--- START ---

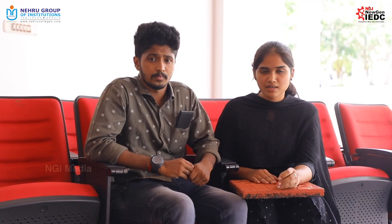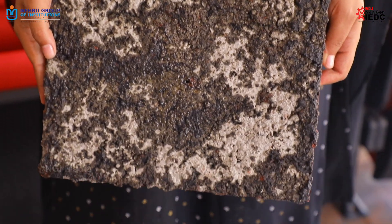The rubber crumbs include scrap tires and the shoes outer sole. With that, we have added epoxy and with that, we have added hardener. And in the third layer, we have used aggregates. We have used that for the finishing purpose.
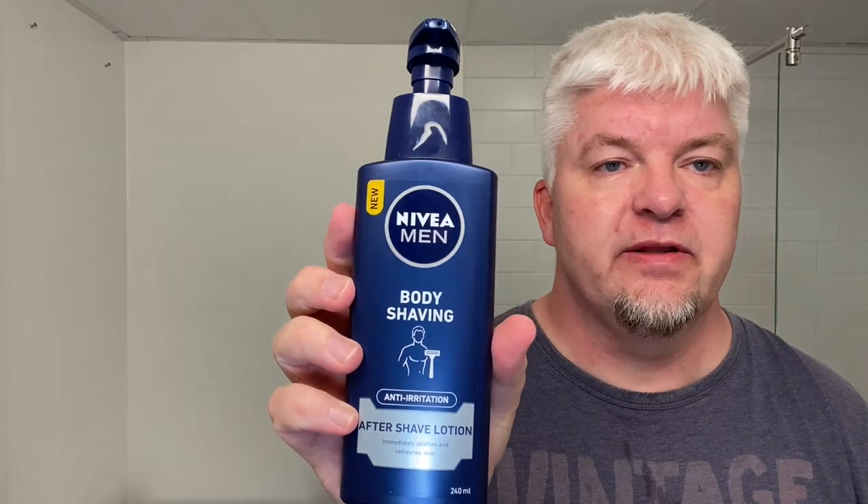This is the Nivea Men shaving body anti-irritation aftershave lotion. One and a half pumps. It smells like fabric softener — takes me back to my grandmother's garden once again. And that's how it is.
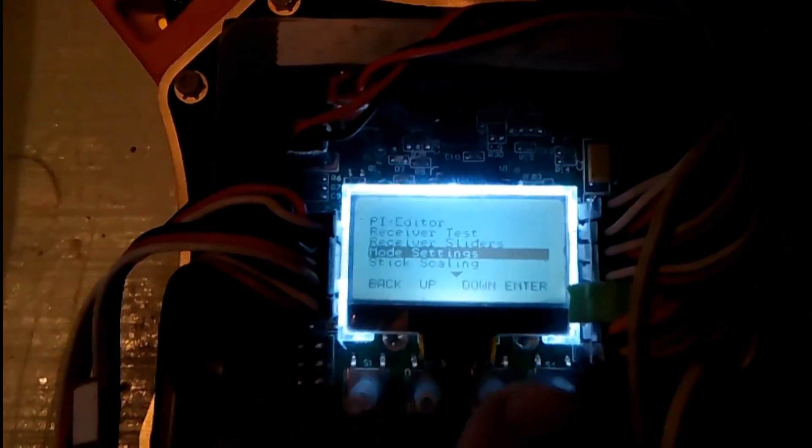I know why it looks like this — I had my radio set for my airboat and not for my quad. So now I'm going to put it on quad mode. And now here you go — these are the correct settings for me.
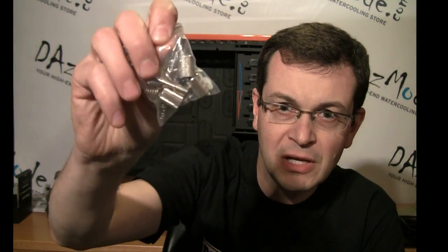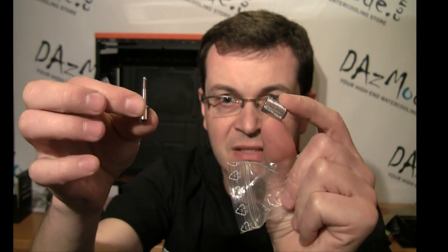Let's talk about a few more products. We got small upgrade kits for the EK Supreme block. If you have a revision one or two HF Supreme and want a new mounting system, you can buy these screws and replace the standard screw set. It helps mount the block in a more even manner, which most clients say they really appreciate for better loop results.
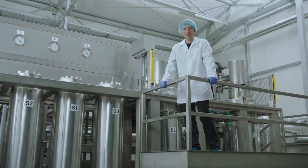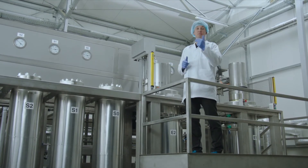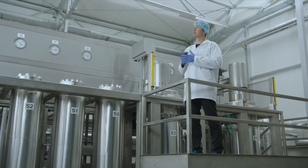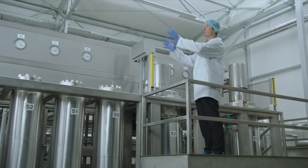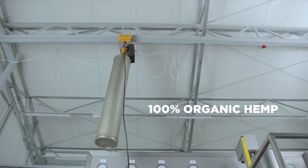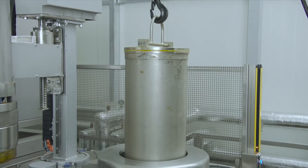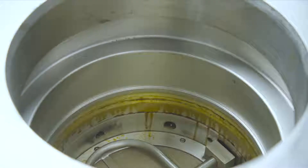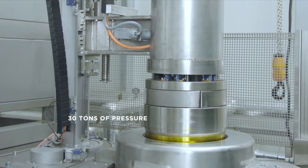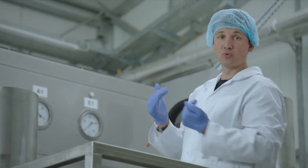So finally we're in the factory — this is the most important part of the whole process. Let me walk you through step by step to explain what exactly is going on here. First we have the hemp which is loaded into the baskets, comes in here, goes down into the tube. This is a high-pressure vessel here, so we seal it and make sure that it's very tight.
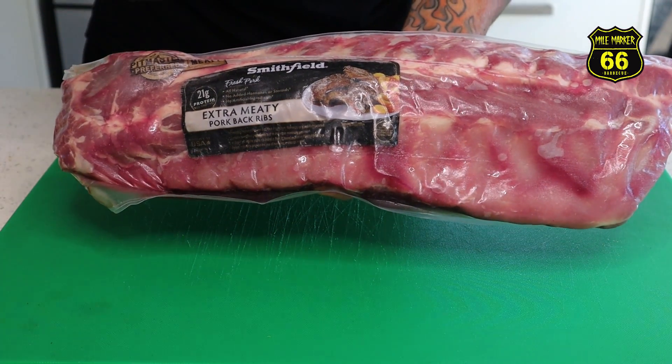Today we are doing baby back ribs with Alabama white sauce. Doing Alabama white sauce on ribs - I'm sure I'm not the first person to have done it, it's definitely the first time that I've done it, but it's something I've wanted to do for a while. I know the Alabama white sauce goes great on chicken, and it just made sense it would go well with pork. It's a creamy, vinegary sauce and we know that a nice vinegar barbecue sauce goes great with pork, so why not give it a nudge today.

--- END ---

ACTIVITY: Retype the records above word for word, from their first line through the line containing "This is the Nivea", and leave out every picture.

ANSWER AREA:
The rubber crumbs include scrap tires and the shoes outer sole. With that, we have added epoxy and with that, we have added hardener. And in the third layer, we have used aggregates. We have used that for the finishing purpose.
This is the Nivea Men shaving body anti-irritation aftershave lotion. One and a half pumps. It smells like fabric softener — takes me back to my grandmother's garden once again. And that's how it is.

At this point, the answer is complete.